Fine article, Nick. Late here as I read, so back in the morning when the old brain is refreshed !

N
NB 25 mins ago

You’ll have to give me one of those vivid descriptions of a Queensland sunrise Miz!

b
benny_pea 41 mins ago

The injuries have set us back a lot. The “Pom” squad in the summer was used very well, as was the English bench against France. Borthwick has seen his mistakes and as he always does fixes them, turns them into strengths.

N
NB 24 mins ago

I think its fair to give him the chance to fix what is broken, and there were already signs of that happening v France…


Who goes to Paris, scores seven tries and still loses??😲

T
Tom 1 hr ago

Some really interesting stats about work rate post-Lions. Gives cause for quiet optimism. Spencer's best game for England by far. First time he's actually looked the part. JVP utterly killed all our momentum when he came on which is a role usually saved for Spencer and in days gone by - Wigglesworth.

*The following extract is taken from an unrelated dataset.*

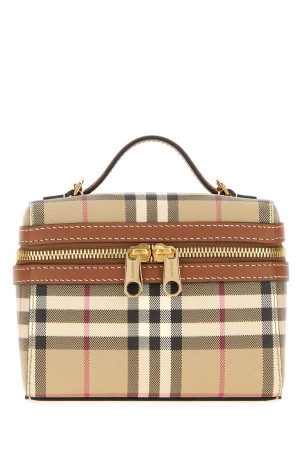 Мини-сумочка «Vanity» из холста с принтом, многоцветная, BURBERRY (8128009)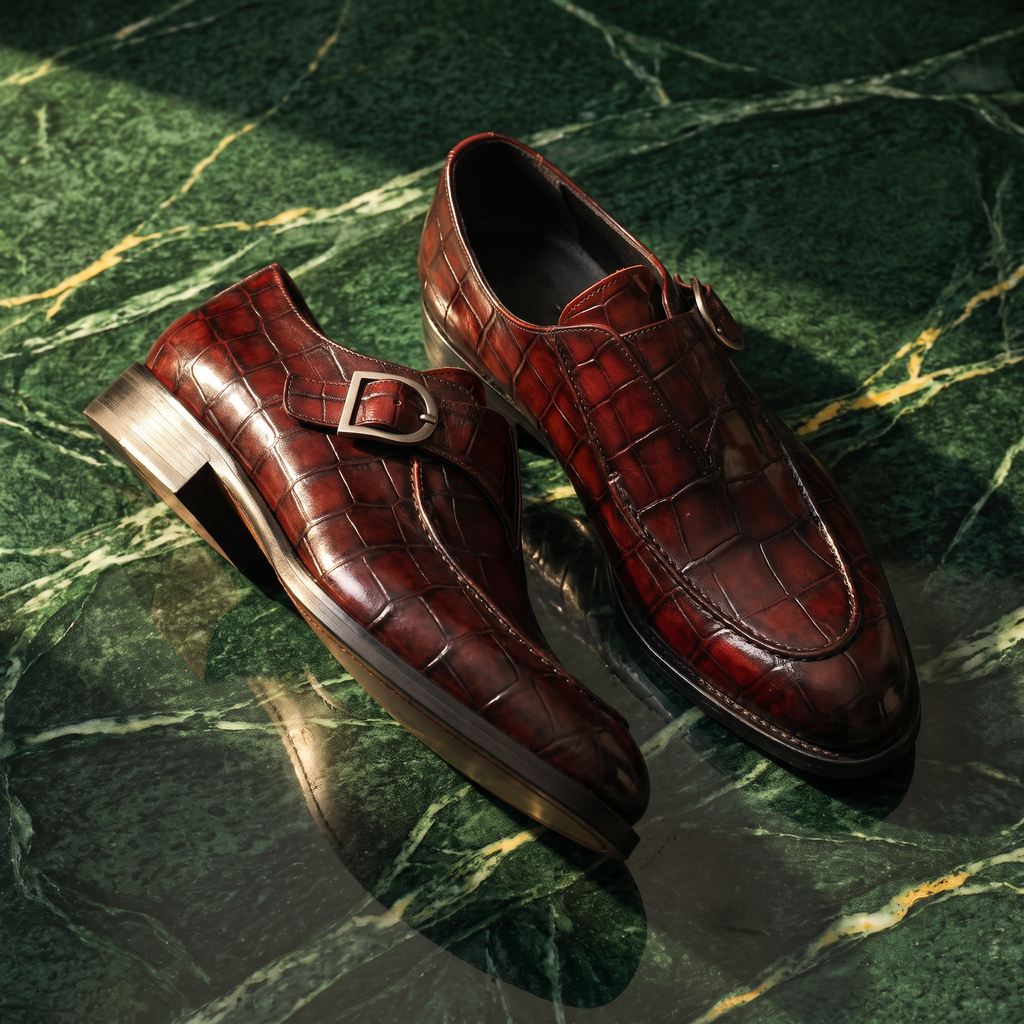 Crocodile-texture loafers with buckle straps and low heels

Only issue - and it's a big one - we've been here a few times before regarding not kicking the ball down the f**king pitch. This isn't the first time after a humiliating defeat Borthwick has “rolled the dice” (been forced out of his comfort zone). Most notably we had a player revolt a couple of years ago following defeat to Scotland, we then turned over Ireland and lost narrowly á Paris. I rubbed my hands together knowing that Borthwick had seen the error of his ways but sure enough come the summer all was forgotten and the box kick re-emerged.


I just don't have any faith he won't revert to type again. The Wigglesworth - Borthwick axis is just too much Sarries 2013 to overcome.

N
NB 17 mins ago

The positive aspect of the SB saga is that he has tried to both change and innovate Tom over time.


He played the five #7’s and dropped an entire Lions front row on to the bench in November…


And if he is indeed listening to what the players want and how they feel most comfortable, that is another tick in his favour.


The thing about player revolts is that they never occur by players going out on the field and simply disregarding the coaches’ instructions. What England did versus France was very obviously practiced all week long.


So there are grounds for hope looking forwards - but no guarantees!